Senin 24 May 2010 02:01 WIB

Muktamar Pemuda Muhammadiyah Deadlock

Rep: C26/ Red: taufik rachman

REPUBLIKA.CO.ID,AKARTA – Momentum transformasi kepemimpinan yang diharapkan bisa dihasilkan di Muktamar Pemuda Muhammadiyah (PM) akhirnya kandas di tengah jalan. Muktamar PM itu terpaksa ditunda tanpa batas waktu yang ditentukan. Alasannya, karena tidak kesepakatan anggota forum muktamar.

Persoalan yang menjadi pemicu deadlock-nya muktamar tersebut karena forum terbelah ke dalam dua arah pemahaman yang berbeda. Satu kelompok menginginkan agar dalam pemilihan menggunakan sistem ‘one man one vote’ atau satu orang satu suara.
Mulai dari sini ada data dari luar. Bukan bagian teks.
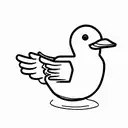 Rubber Duck tattoo design idea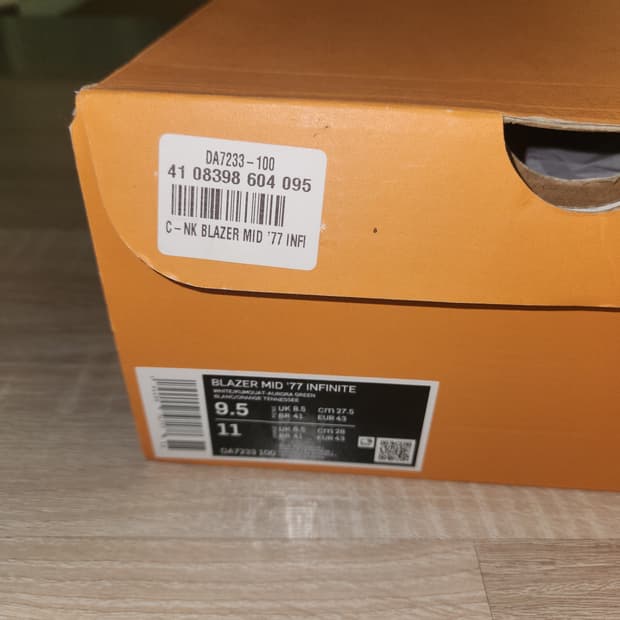 나이키 블레이져 미드77,  275사이즈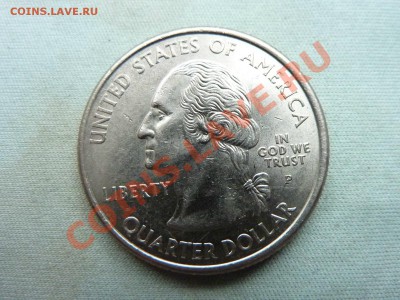 С РУБЛЯ USA QUARTER DOLLAR 2001г.VERMONT до 8.11.11 - MEMO0009.JPG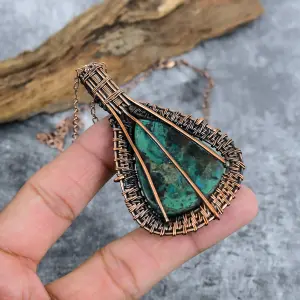 Copper Pendant alternate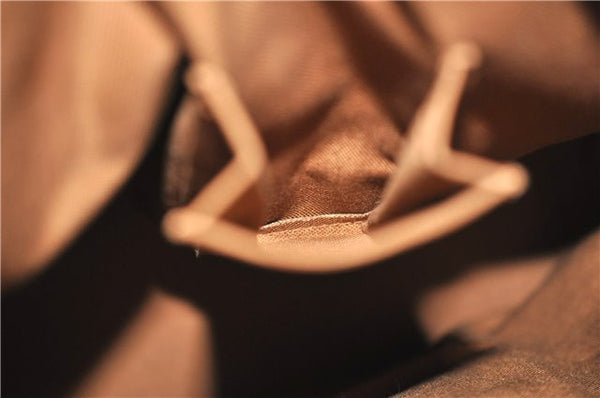 Authentic Louis Vuitton Monogram Cabas Mezzo Shoulder Tote Bag M51151 LV 4220F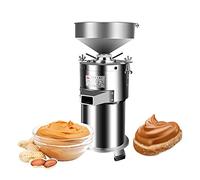 Machine à beurre d'arachide électrique commerciale, broyeur à noix pour pâte de sésame et beurre d'arachide, idéal pour les restaurants et les cafés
Sementara kelompok lainnya menginginkan sistem ‘one man one delegation’, yakni menginginkan satu delegasi satu suara.

Namun, peserta forum menolak sistem ‘one man one delegation’ yang berarti, masing-masing wilayah hanya punya satu suara. Sementara peserta perwakilan daerah tidak memiliki suara. “Deadlock, sudah tidak bisa dilanjutkan karena forum tidak sepakat dalam sistem pemilihan,” kata Rosyidi, salah satu peserta asal Pamekasan, Jawa Timur, di Asrama Haji, Pondok Gede, Jakarta Timur, Ahad (23/5).
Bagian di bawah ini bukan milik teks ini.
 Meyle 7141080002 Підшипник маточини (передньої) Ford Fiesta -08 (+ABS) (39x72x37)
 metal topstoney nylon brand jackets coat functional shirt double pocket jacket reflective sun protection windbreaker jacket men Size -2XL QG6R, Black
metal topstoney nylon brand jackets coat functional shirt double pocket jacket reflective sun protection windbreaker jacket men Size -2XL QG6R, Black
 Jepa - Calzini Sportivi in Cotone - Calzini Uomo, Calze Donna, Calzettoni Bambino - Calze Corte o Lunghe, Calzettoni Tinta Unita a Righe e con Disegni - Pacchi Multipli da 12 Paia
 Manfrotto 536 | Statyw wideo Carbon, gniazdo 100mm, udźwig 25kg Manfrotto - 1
Menurut Rosyidi, perselisihan itu memang sudah muncul sejak hari pertama Muktamar. Dari situlah, lanjut dia, sudah tercium, peta-peta politik dalam muktamar. “Kayaknya petanya, ada Jawa dan non Jawa,” dia memrediksi.

Rosyidi menambahkan, sejak Sabtu (22/5) malam hingga Ahad (23/5) dini hari perseteruan masalah itu tetap berlangsung. Bahkan, salah satu kelompok sudah memunculkan gagasan untuk membawa masalah itu ke Pengurus Pusat Muhammadiyah, namun kelompok lainnya menolak. “Sudah ada rencana memanggil Pak Din (Din Syamsuddin, red), tapi ada yang tidak setuju,” terangnya.

Rosyidi mengungkapkan kekecewaannya terkait penundaan tanpa batas waktu tersebut. Alasannya, dia sudah bertekad untuk ikut menyukseskan muktamar tersebut. Apalagi, dia mengaku sudah menghabiskan banyak waktu agar muktamar itu tidak sia-sia. “Kalau sudah begini, kan tidak ada hasilnya,” ujarnya dengan nada sesal.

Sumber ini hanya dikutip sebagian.